VELHO CRUZEIRO
(Clerisvaldo B. Chagas, cinco de agosto de 2010)
Vou novamente subindo lento e solitário a trilha do serrote. Agora a capoeira é verde. Galhos se debruçam nos degraus de cimento e pedra. O silêncio resmunga na indefinição de um ruído, no farfalhar quase imperceptível de folhas, no som longínquo da cidade. Meia volta no corpo, nivelar de cabeça, trena nos olhos. Novo fôlego no aclive longo, no fim dos batentes, na terra banhada e nua. Rachões nos pedregulhos, garranchos de caminho e a sensação estranha de está sendo olhado, acompanhado, fotografado. Ali está, por entre espaços da folhagem, ali está.
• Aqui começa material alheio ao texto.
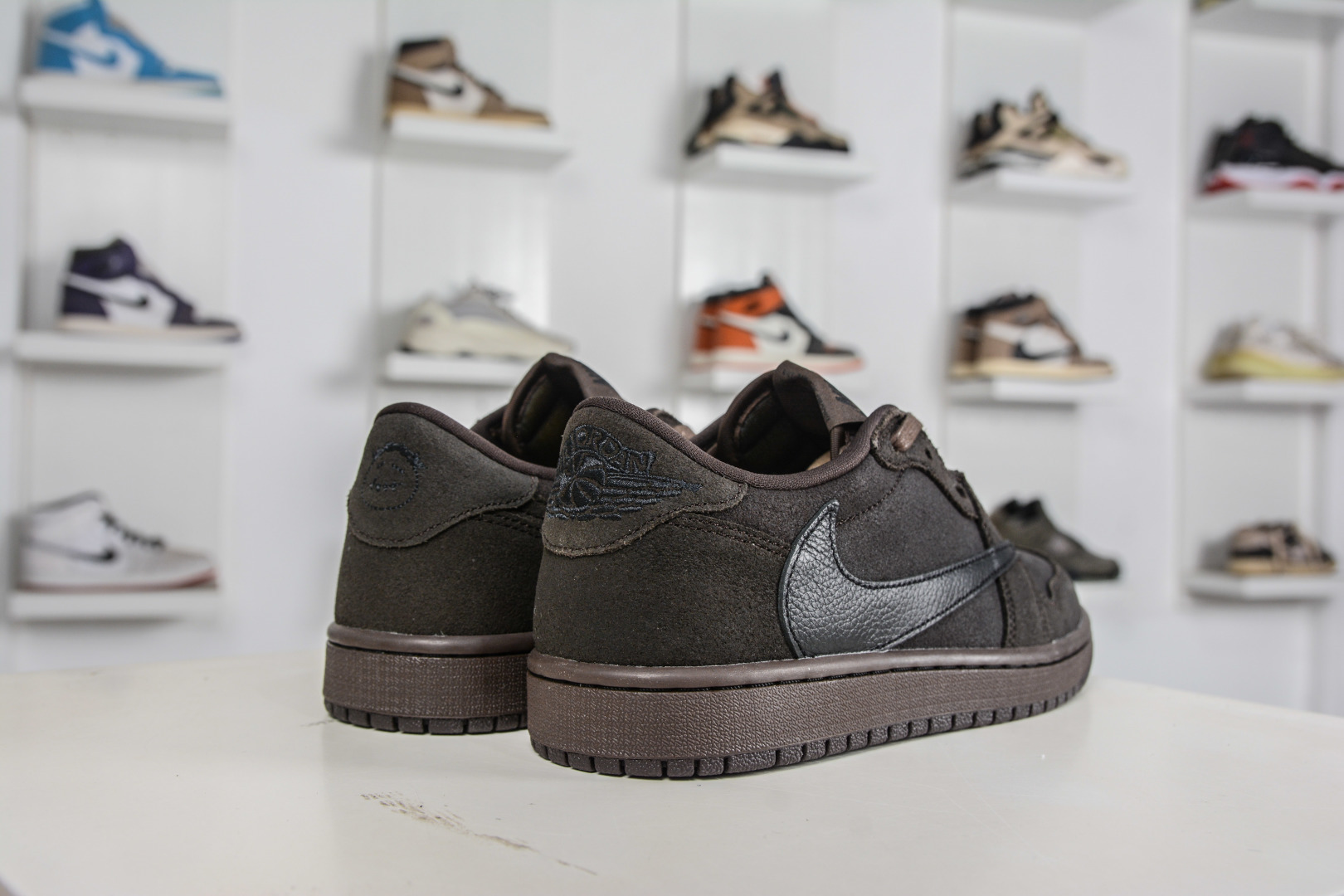 220 G版Travis Scott x Jordan Air Jordan 1 Low “Velvet Brown”倒钩9.0 丝绒摩卡 黑棕 DM7866-202-Chinese UA Cheap High Quatity Brand Clothes Bags handbags Sneakers wholesale wholesaler seller from China Factory suppliers Fashion Clothing Shoes best Quality Beautiful Price 220 G版Travis Scott x Jordan Air Jordan 1 Low “Velvet Brown”倒钩9.0 丝绒摩卡 黑棕 DM7866-202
Ele, o velho cruzeiro de madeira resistindo ao tempo. Braços abertos abençoando casas tão longe e de longe tão perto, beijando-lhes os pés, pedindo-lhes a bênção. E eu vou pisando no lajeiro enorme, contando as passadas, flutuando no Sinai da minha terra. Sento-me na calçadinha da capela e acompanho o abraço de amor a urbe de Senhora Sant’Ana. Uma vigilância eterna de considerável afeto. Serras do Poço, Camonga, Macacos, Remetedeira... Lá se vai o fio d’água barrenta seguindo o destino, como o destino da gente. A torre da Matriz quer competir, mas não tem altitude. Berra o sino no protesto longo contra o concorrente natural. E me vem às narinas o perfume agreste de mato verde. Como é bela a imponência da cruz! Alastrados, urtigas, macambiras, vão fazendo o cinturão de segurança ao símbolo deixado pelos homens.
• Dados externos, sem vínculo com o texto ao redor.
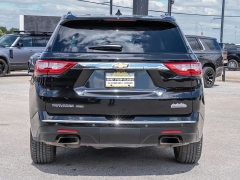 Used 2018  Chevrolet Traverse 4d SUV AWD High Country at A Motors Sales & Finance near San Antonio&comma; TX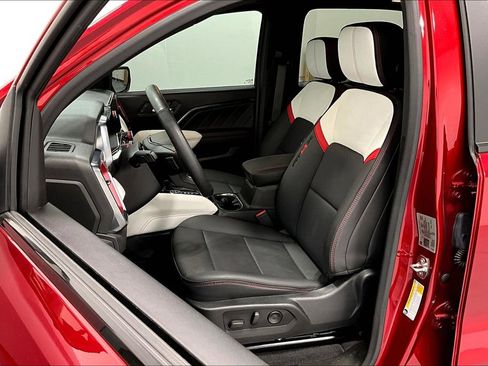 Used 2023 GMC Canyon AT4X image 33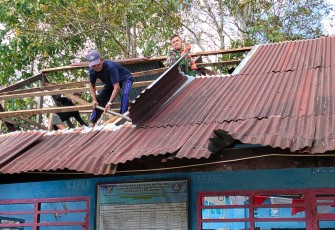 Babinsa dan Warga Gotong Royong Rehab Sekolah di Palampang
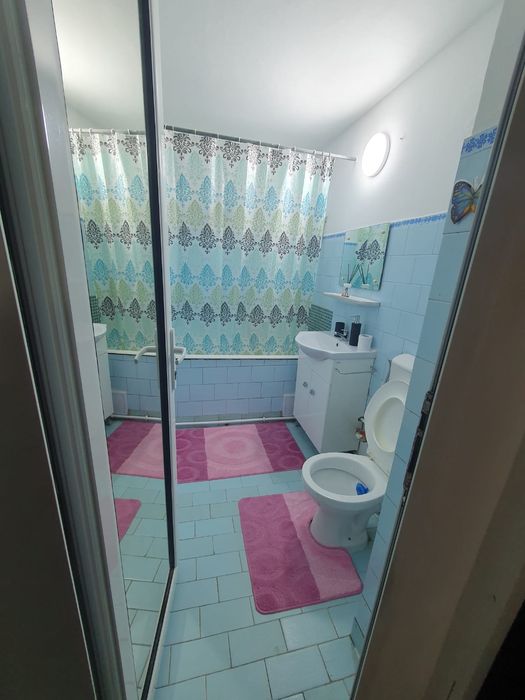 De închiriat Apartament 2 camere, confort 1, decomandat, mobilat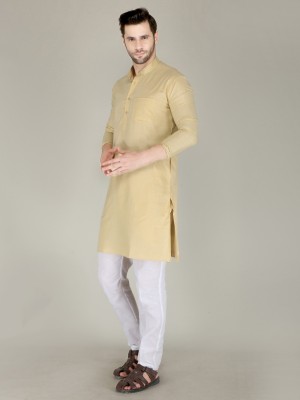 FUBAR Men Solid Straight Kurta(Gold)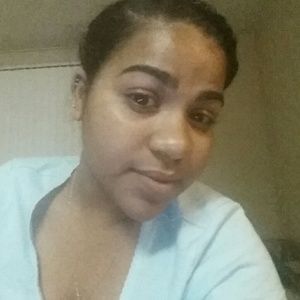 Meet your Posher, Leah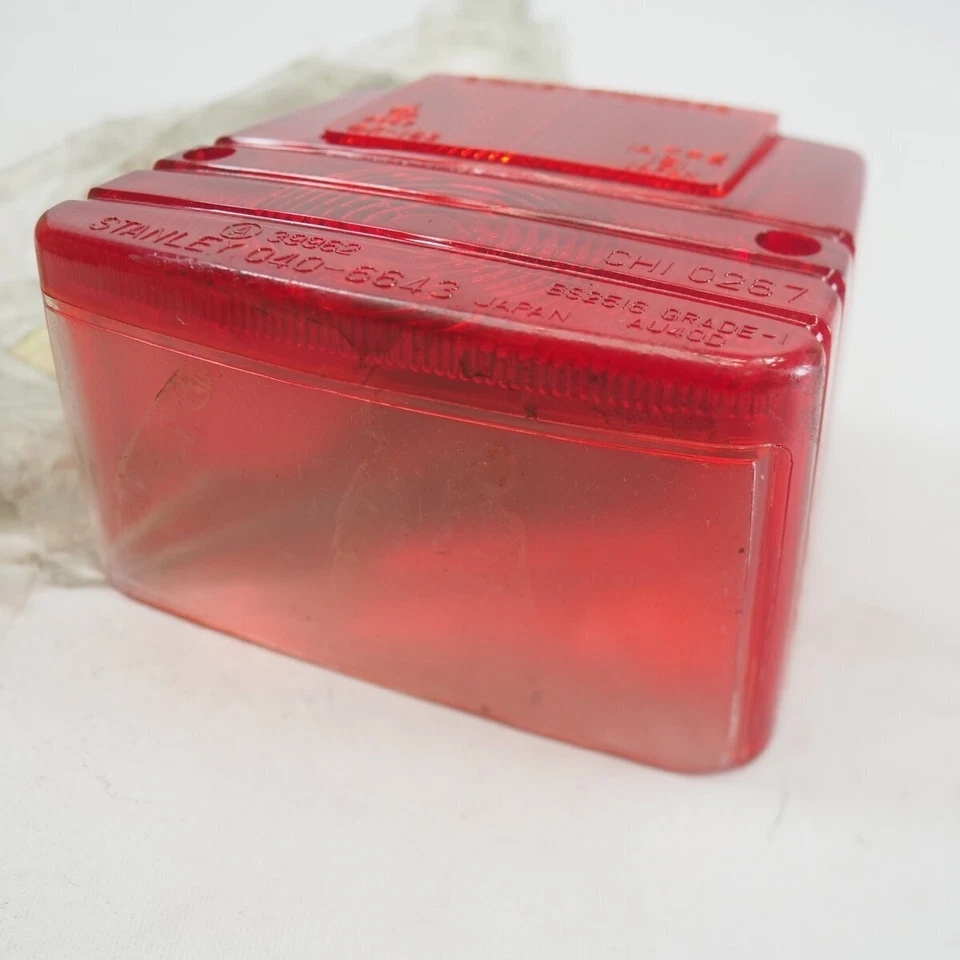 Lente lámpara trasera genuina Kawasaki AR50 AR80 AR50S AE50 23026-1026 nueva sin usar Foto 4 de 4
Antigo morro da Goiabeira, receptora energética do alto, jorro de fé dos que te escolheram entre os montes. Ah! Vejo as pessoas simples fazendo promessas, tijolos à cabeça, bandas de música a tocar. E os chapéus de palha, e os pés descalços e o espocar de foguetes. Onde estão as multidões que procuravam as alturas para a comunhão com Deus? Por que você está sozinho depois de curar tantos e tantos males dos que vieram após agradecer? Como notar Santa Terezinha trancada aí dentro, espelho quebrado, protegida por marimbondos? Que malvadezas fizeram com o Cristo que iniciou profanado num alto que não era de confiança. E onde estava a confiança, por que deixaram o Mestre e carregaram a fé? Não foi assim que recomendei esse lugar.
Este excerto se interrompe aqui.